> [HOW TO COMPLETE THIS TASK]
Pictures are to be left out, and only the lines from the one with "Ensemble de garniture" through the last line of the listing below are to be repeated exactly.
***** SUPPLIED RECORDS *****
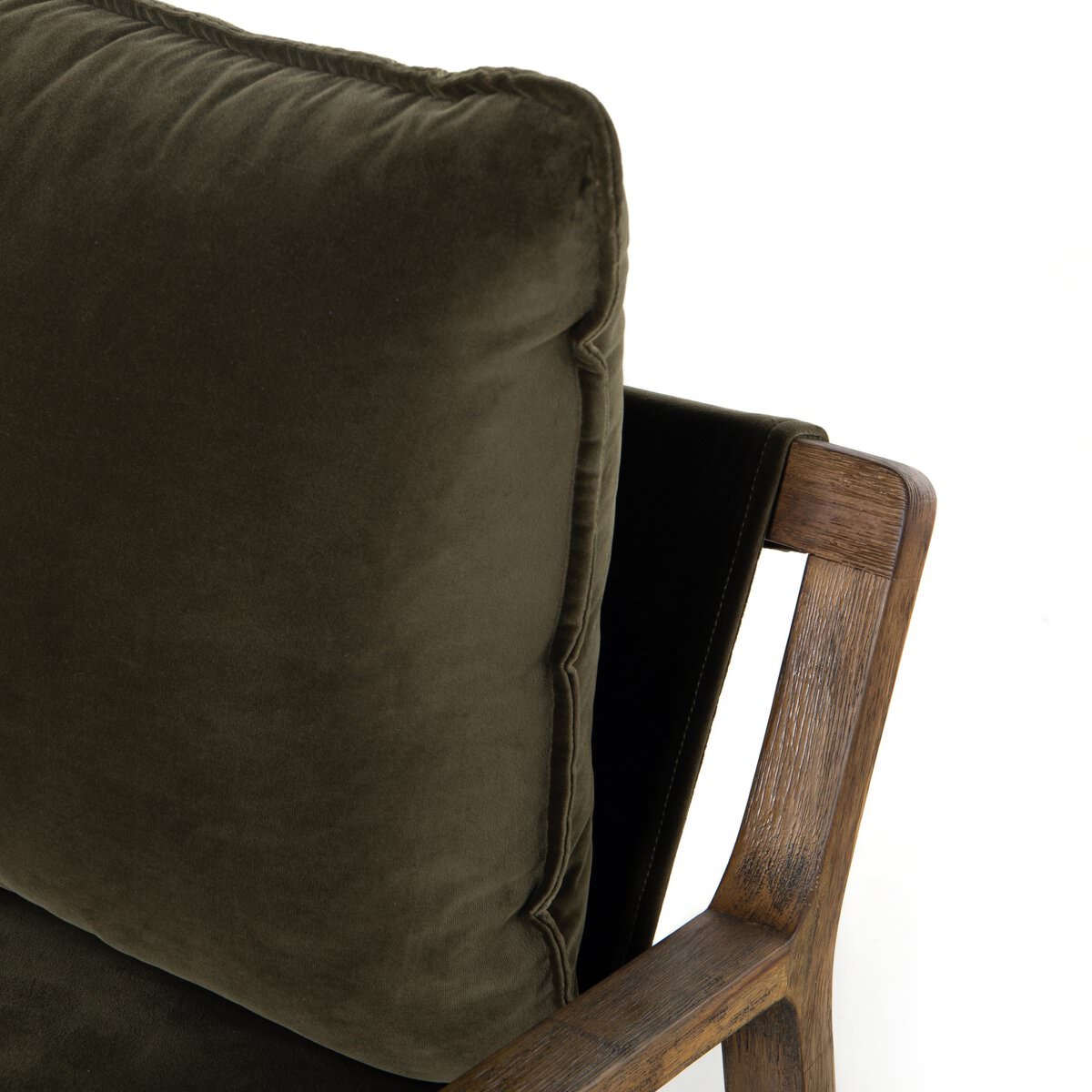 Chaise Four Hands Ace en Surrey Olive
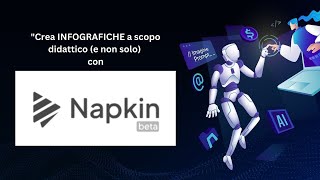 Infografiche a scopo didattico e non solo con Napkin AI [upl. by Towroy]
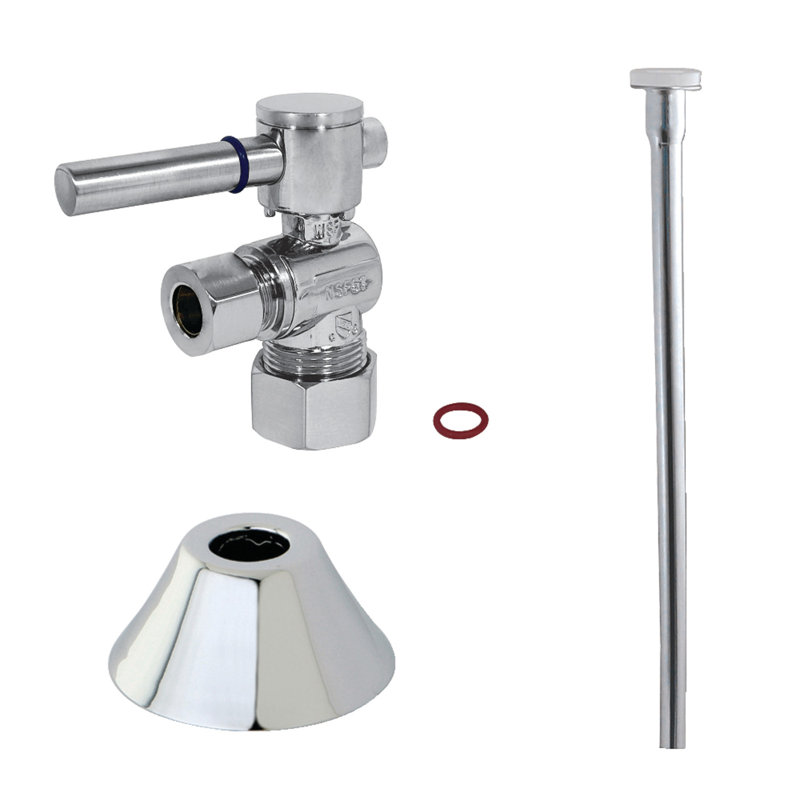 Ensemble de garniture de toilette Kingston, Chrome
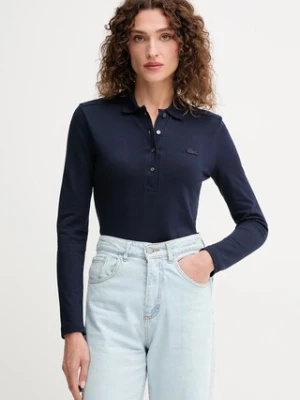 Lacoste longsleeve damski kolor granatowy PF5464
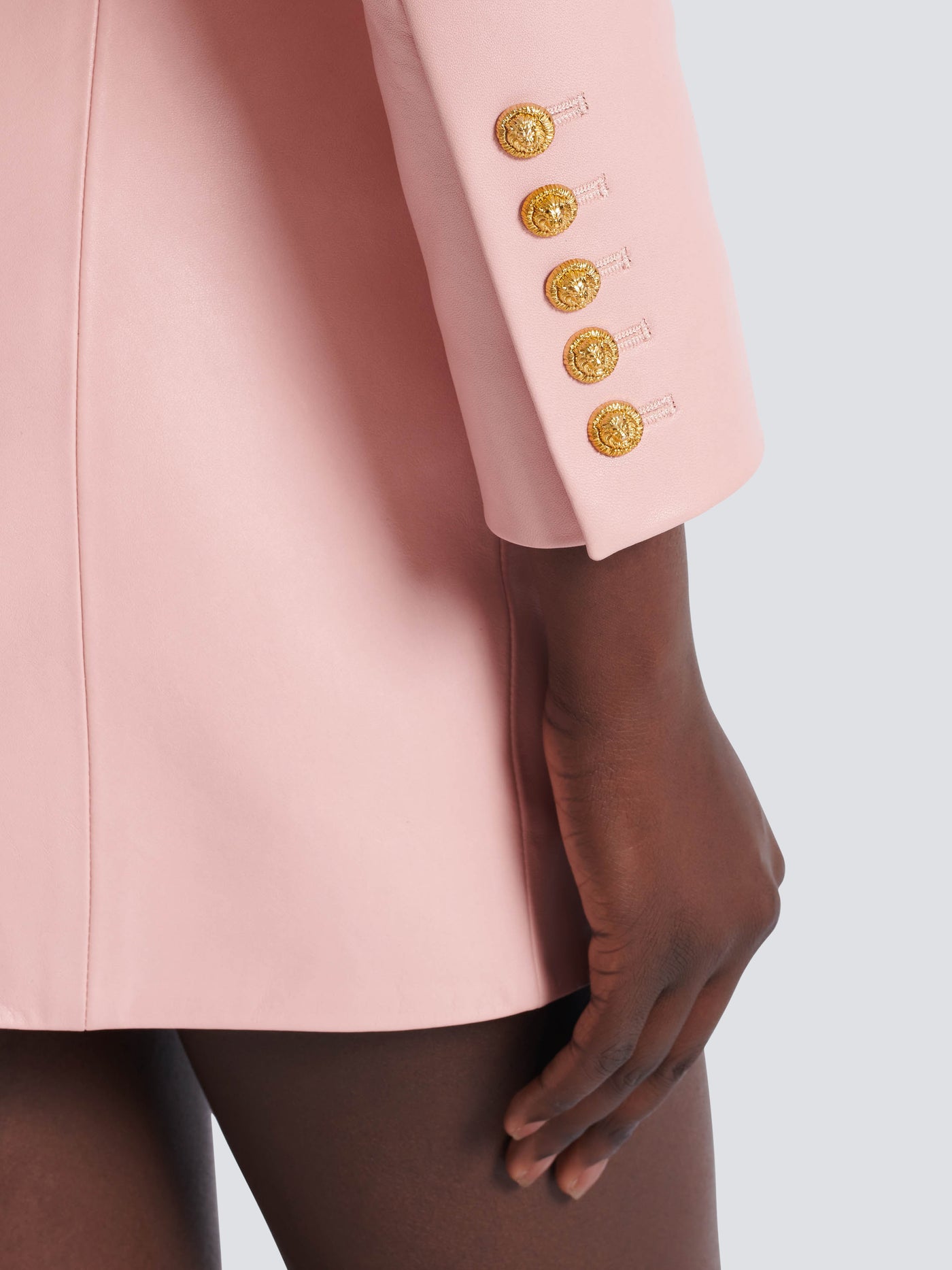 Cropped lambskin jacket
*****
> [SOLUTION TO THIS PROBLEM]
 Ensemble de garniture de toilette Kingston, Chrome
 Lacoste longsleeve damski kolor granatowy PF5464
 Cropped lambskin jacket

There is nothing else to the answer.